WHAT YOU ARE ASKED TO DO:
Entries below include pictures. Output exactly the lines from the one with "2202 Crossmill Ln — Photo 33" down to the one with "Mercedes-Benz C-Class — Фото автомобиля 11", both ends included, and leave the pictures out.

MATERIAL FOR THIS TASK:
────────────────────

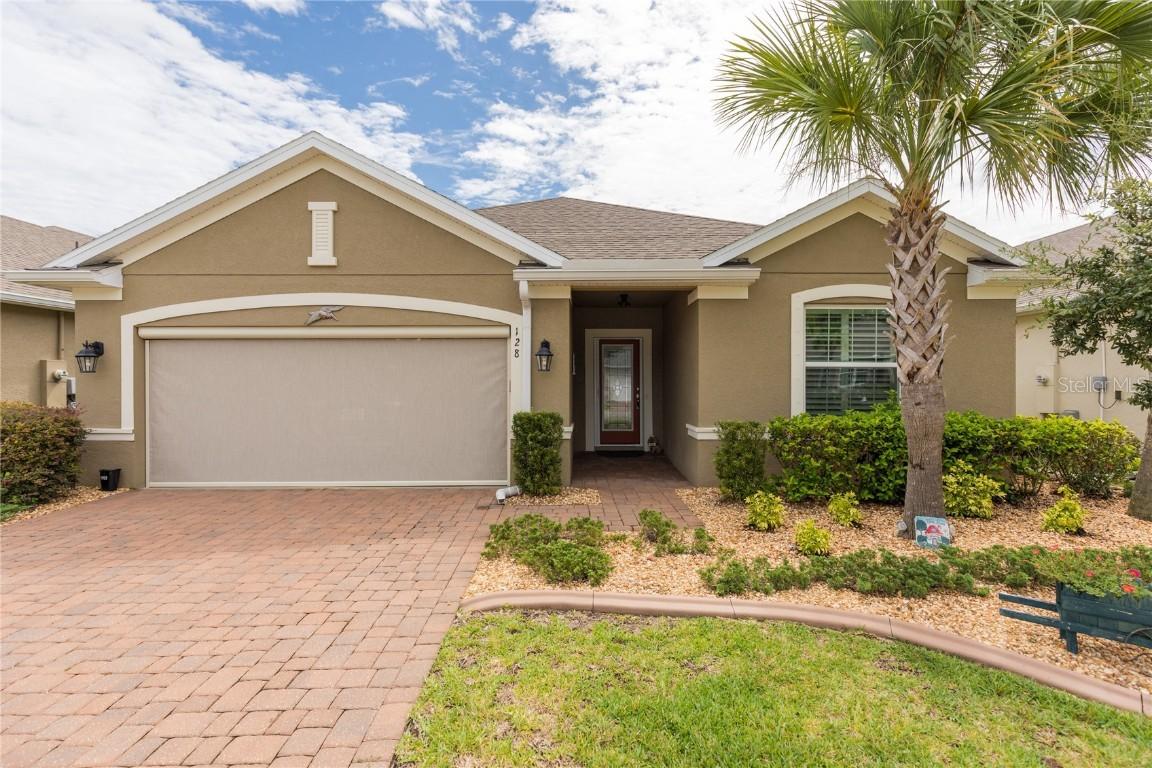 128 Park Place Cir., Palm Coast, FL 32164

────────────────────

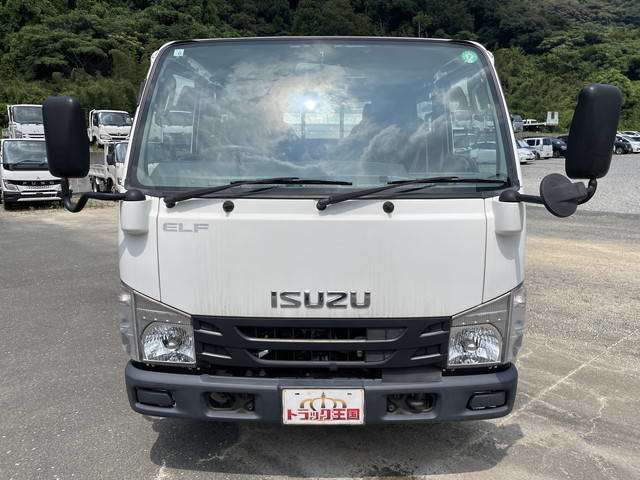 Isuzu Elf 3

────────────────────

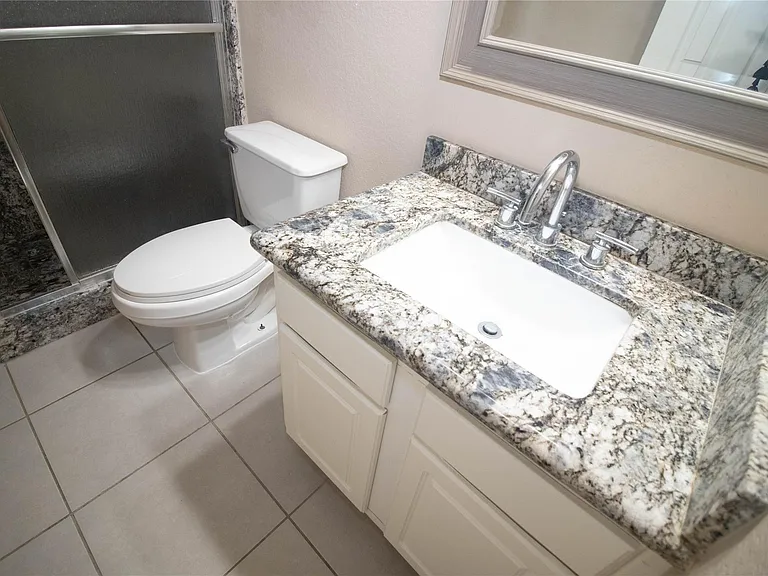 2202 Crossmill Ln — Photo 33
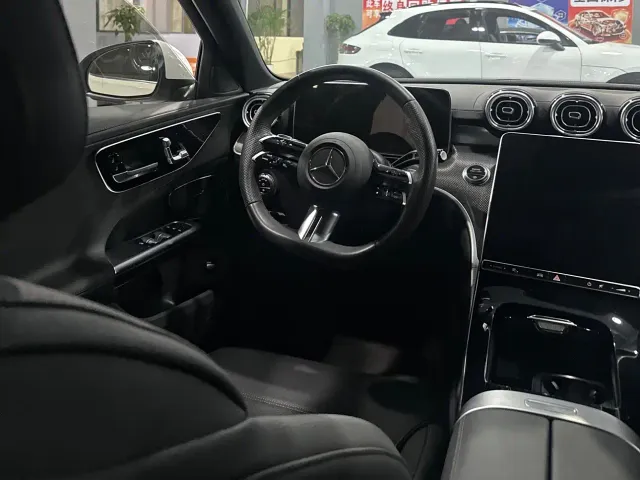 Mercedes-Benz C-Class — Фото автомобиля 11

────────────────────

RESPONSE TO THIS EXERCISE:
 2202 Crossmill Ln — Photo 33
 Mercedes-Benz C-Class — Фото автомобиля 11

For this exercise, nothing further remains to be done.